Nous avons déjà complété la gamme de produits avec des solutions de négociation et de placement pour les cryptomonnaies. En lieu et place d’un investissement direct, les principales monnaies numériques bitcoin, ethereum et litecoin peuvent être négociées contre les principales monnaies fiduciaires que sont l’USD, l’EUR ou le JPY.

L’ère des robots et de l’Intelligence artificielle est lancée, qu’en pensez-vous ?

Nous avons des partenariats déjà en place avec différents robots-conseillers (robo advisors).
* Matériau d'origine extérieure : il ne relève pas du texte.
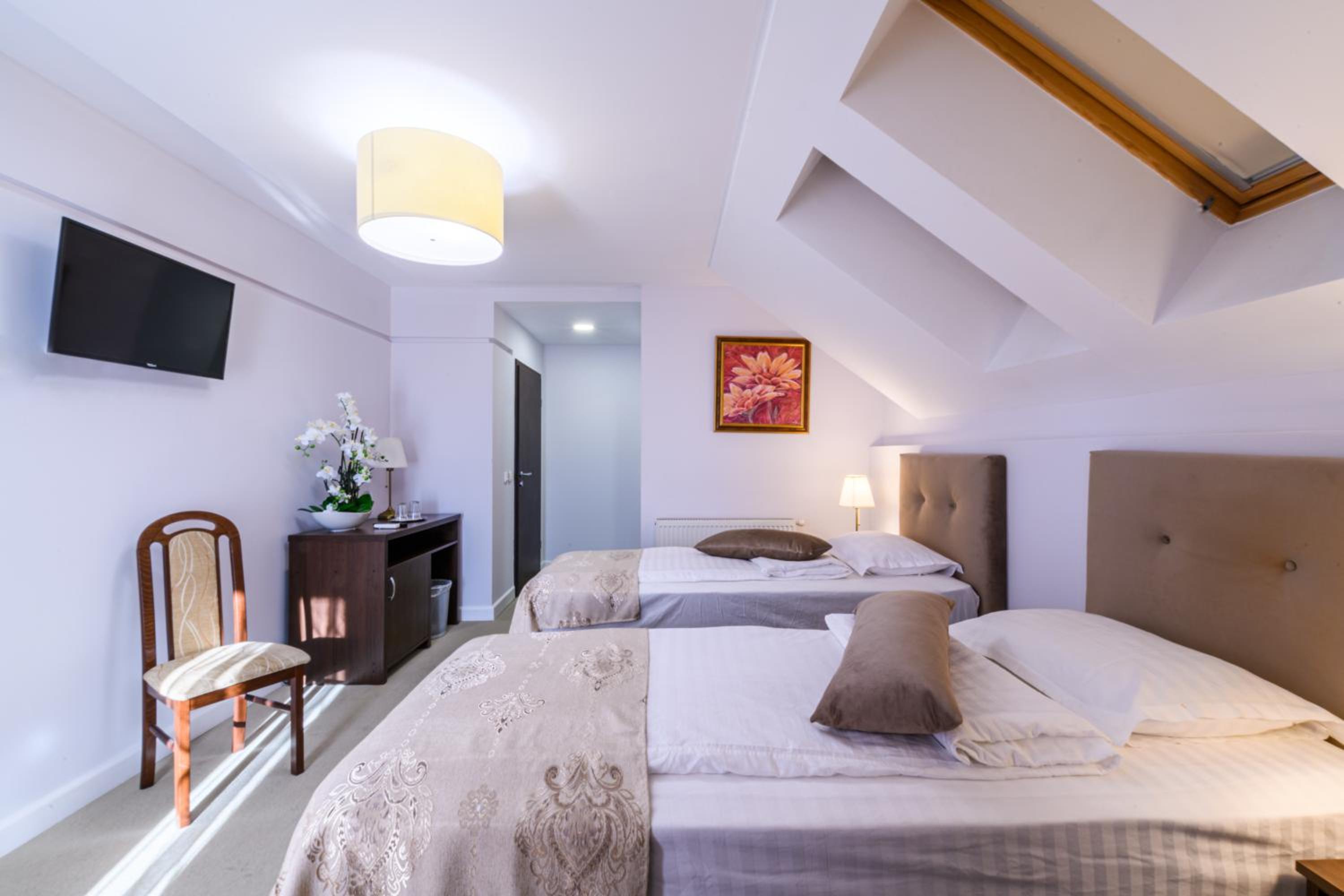 Twin Room with Private Bathroom photo 1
En tant que «home of robo advisors», Saxo Bank met à la disposition des gérants de fortune numériques sa technologie, ses plateformes ainsi que ses capacités d’exécution, leur permettant ainsi de mettre efficacement en œuvre leur modèle d’affaires.

George FALKNER en bref
Voici ses dernières missions: 2020 – 2022: Bellevue Zurich Advisory:  membre du conseil d’administration et responsable Wealth Advisory & Family Office. 2016 – 2020: BNP Paribas Wealth Management:  Market Head B2B, responsable du renouvellement de l’approche de développement des activités  de gestion de patrimoine, développement réussi  des activités de family office.
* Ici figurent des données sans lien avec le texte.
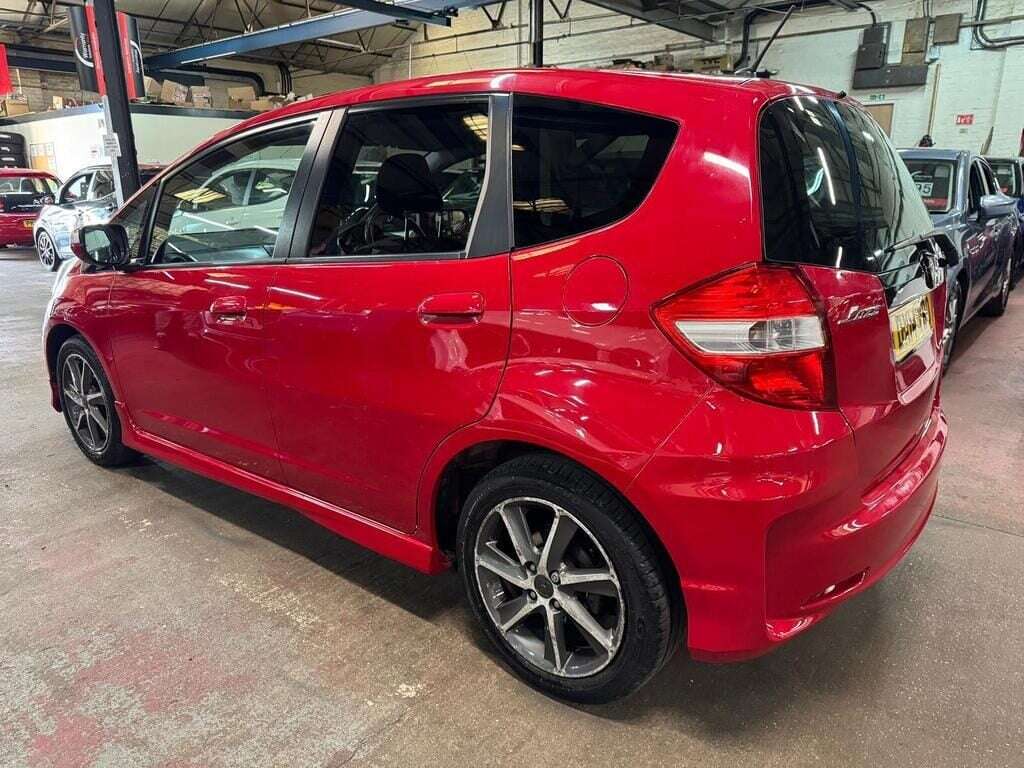 A 2014 HONDA JAZZ I-VTEC SI A 2014 HONDA JAZZ I-VTEC SI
Un résultat de 22,9 millions de francs

Pour l’exercice 2022, Saxo Bank (Suisse) SA a enregistré un résultat d’exploitation de 22,9 millions de francs, soit une augmentation de 3,7% par rapport à l’exercice précédent (22,1 millions). Les recettes liées aux activités de trading sont restées la principale source de revenus de la banque avec un montant de 14,5 millions de francs pour l’exercice 2022, 90% de ces recettes étant générées par le négoce d’actions et de devises. Les produits liés aux commissions et prestations de services se sont chiffrés à 6 millions pendant la période sous revue. Le produit net des intérêts a contribué à raison de 2,4 millions de francs au résultat d’exploitation.